If you fear that your sister will not properly administer your father's estate then you should tell the solicitor that you want the Probate taken out in joint names. That way you will have more control over the estate and can take part in the decision relating to it.


----------



## mercman (1 Sep 2008)

This looks like it is heading for a disaster. For example the rent on the property should be placed into an executor account until Probate has been granted.

You need to tell the solicitor acting for the estate as to what is going on. Otherwise it sounds like you both will end up paying Tax and penalties if not done correctly.

Without my prying, I cannot see how the full amount of a Life Assurance Policy is been used to pay for Funeral expenses. An average funeral in this country costs approx €5,000.00.

It all boils down to the Will. These were your father's wishes. Not your's, your sister's or anyone else.


----------



## justsally (1 Sep 2008)

If joint executors are appointed can one executor act without consulting the other executor where relationships might be strained? Is there such a thing as co-executors under Irish law?.   How can a solicitor move to take out probate in one executor's name before the letter of renunciation has been signed?.  Has the said letter to be attached to the probate application.


----------



## dazza21ie (1 Sep 2008)

> If joint executors are appointed can one executor act without consulting the other executor where relationships might be strained?

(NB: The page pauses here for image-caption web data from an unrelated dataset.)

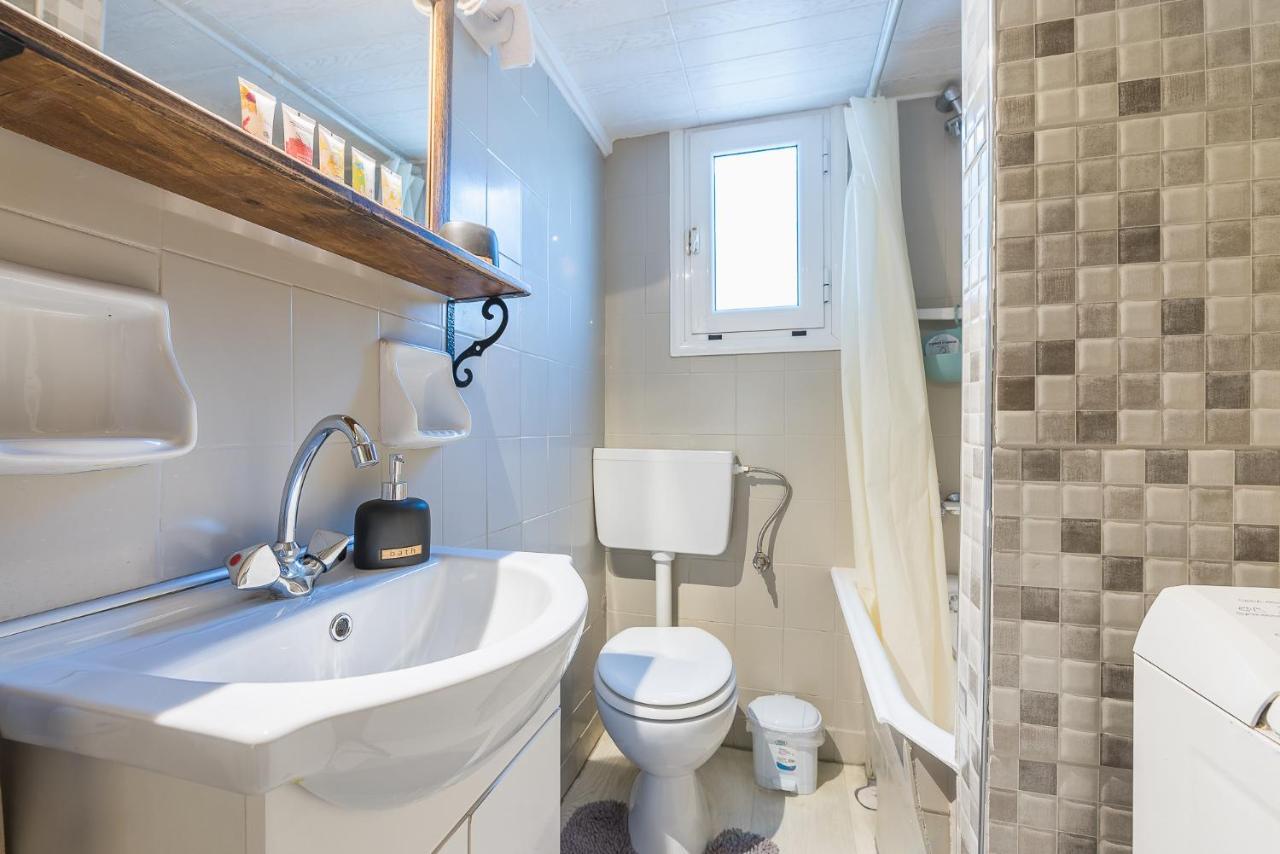 Lovely 1 Bedroom Apartment In Ateny Zewnętrze zdjęcie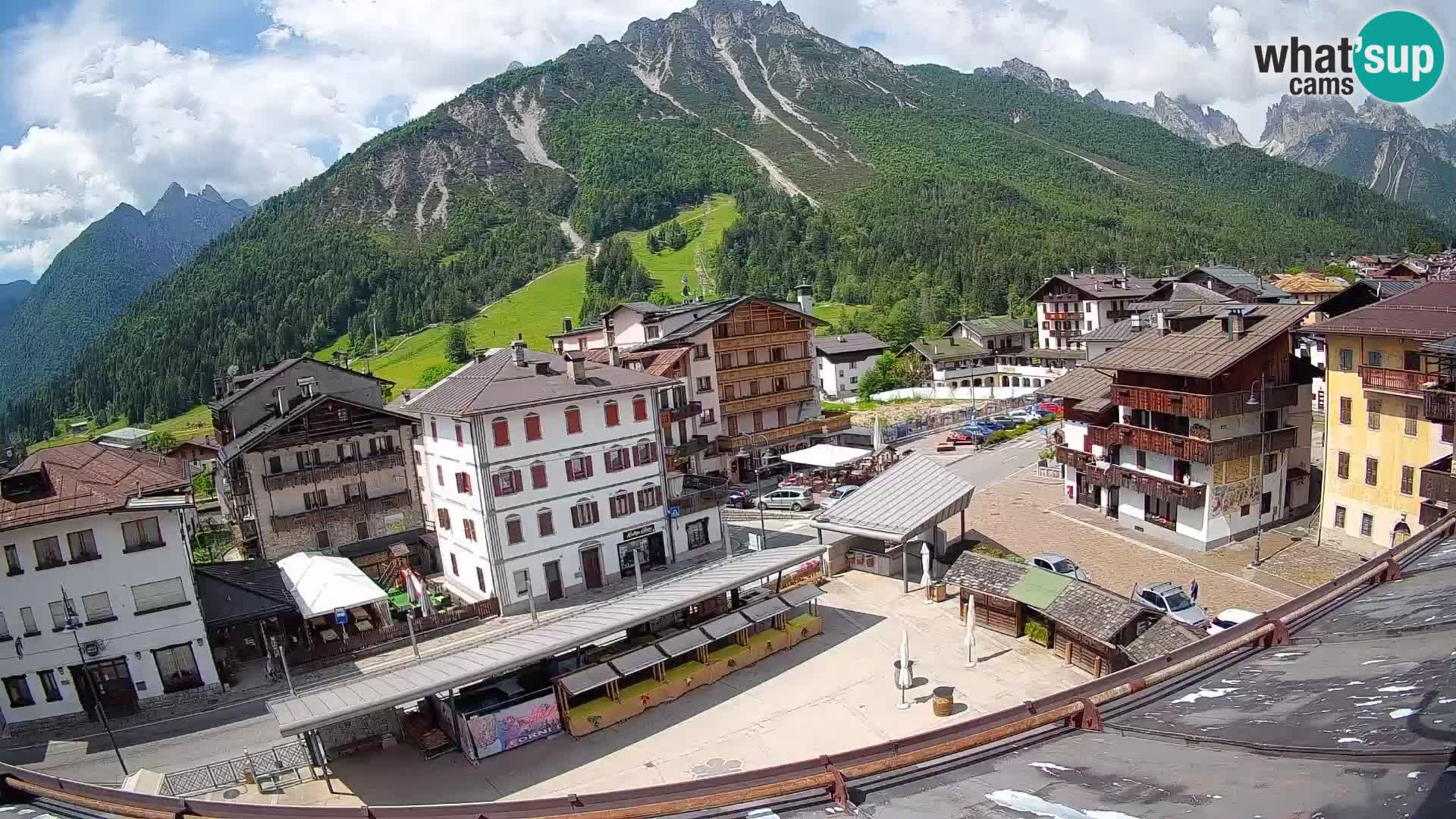 Piazza centrale di Forni di Sopra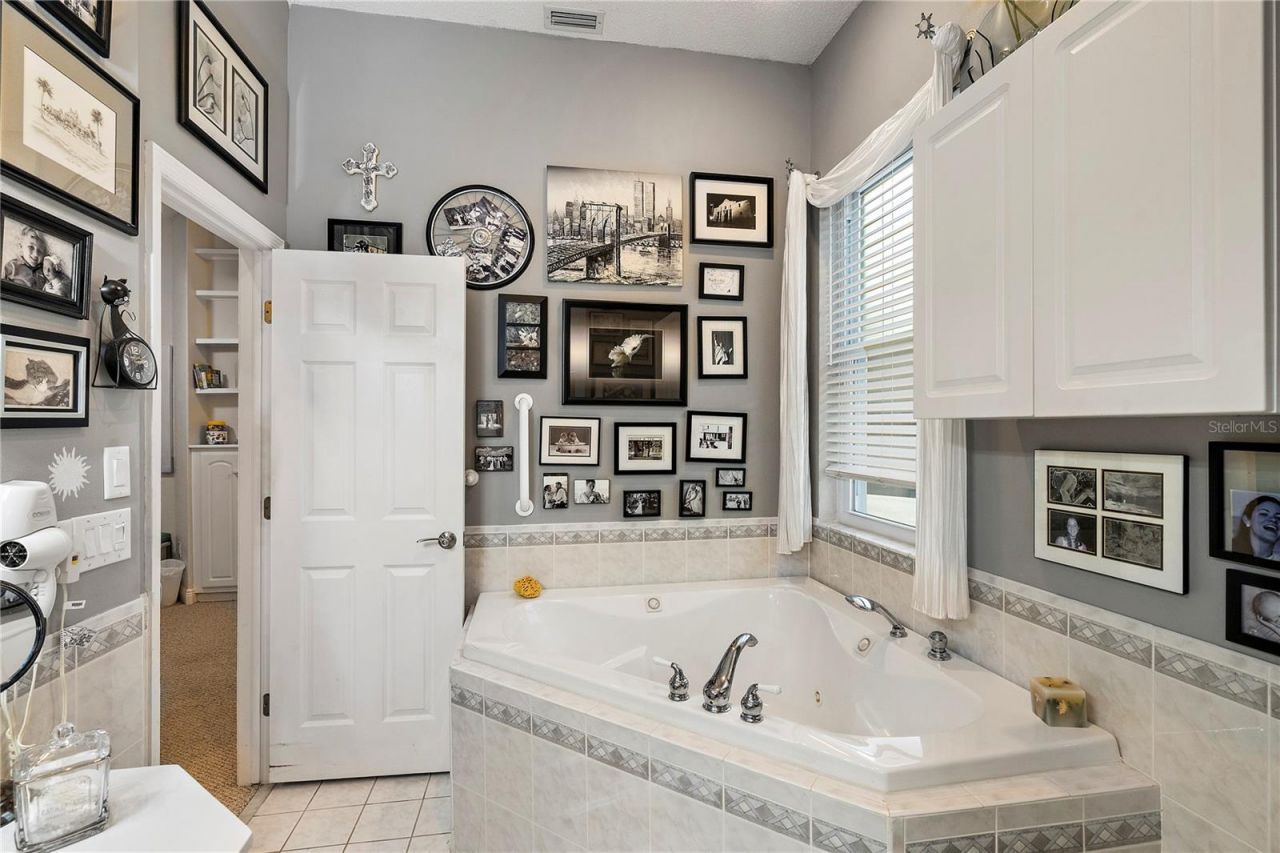 830 Pinellas Bayway S, Saint Petersburg, FL 33715 Photo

Most actions by executors require both their signatures when the Grant issues in joint names e.g. selling land, transferring land, withdrawing bank account proceeds. 

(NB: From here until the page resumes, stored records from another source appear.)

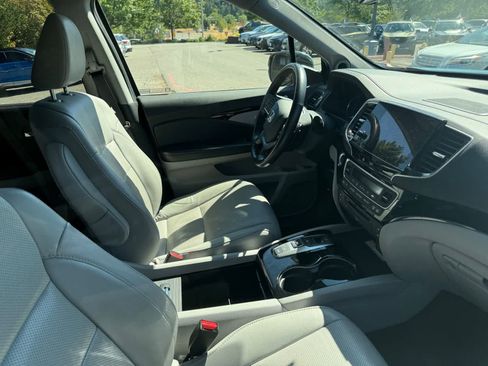 Used 2019 Honda Pilot Elite image 6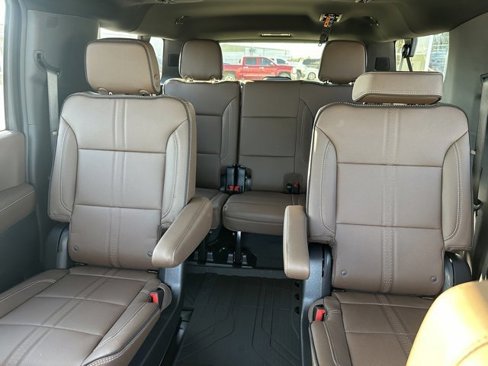 New 2026 Chevrolet Suburban High Country image 41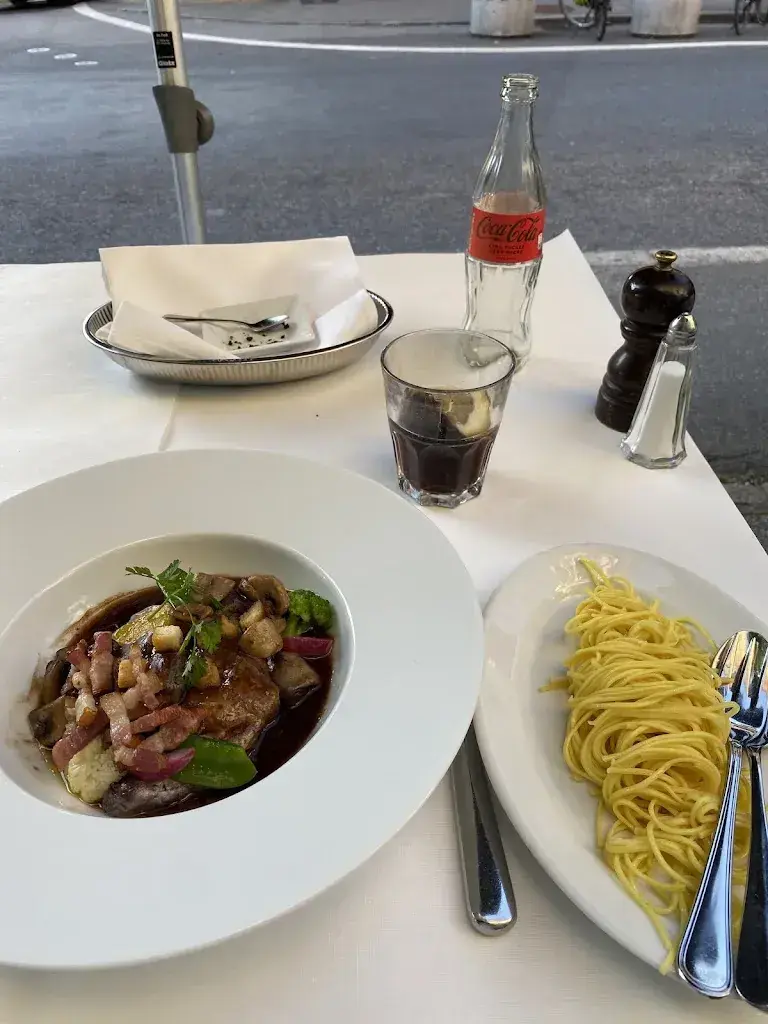 Hannah_Brasserie Obstberg_Bern_avis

> Is there such a thing as co-executors under Irish law?.


Yes.




> How can a solicitor move to take out probate in one executor's name before the letter of renunciation has been signed?.


A renunciation is not necessary. An executor can reserve his/her rights and therefore could take part in the estate at a latter stage e.g. if the other executor dies. If s/he renounces then they cannot come back at a latter date and administer the estate. 




> Has the said letter to be attached to the probate application


 No. When the single executor applies s/he swears an Oath for Executor and in this it states that the other executor is reserving his/her rights. If a renunciation was signed, however, this will have to be lodged in the Probate Office with the application.


----------



## justsally (1 Sep 2008)

Very Helpful Reply.   Btw, what is the difference between co-executors  and joint executors?.


----------



## picorette (23 Oct 2008)

On a similar note regarding Executors, my Aunt died earlier this year. My sister was dealing with her financial affairs and began dealing with the will and Solicitor as one of the Executors. I have since found out that I am the other Executor.

Two questions. 
Would the solicitor not have been under some obligation to tell me?
Can I get involved in the administration of the will even though Grant of probate has been made?

Thanks in anticipation of your replies.


----------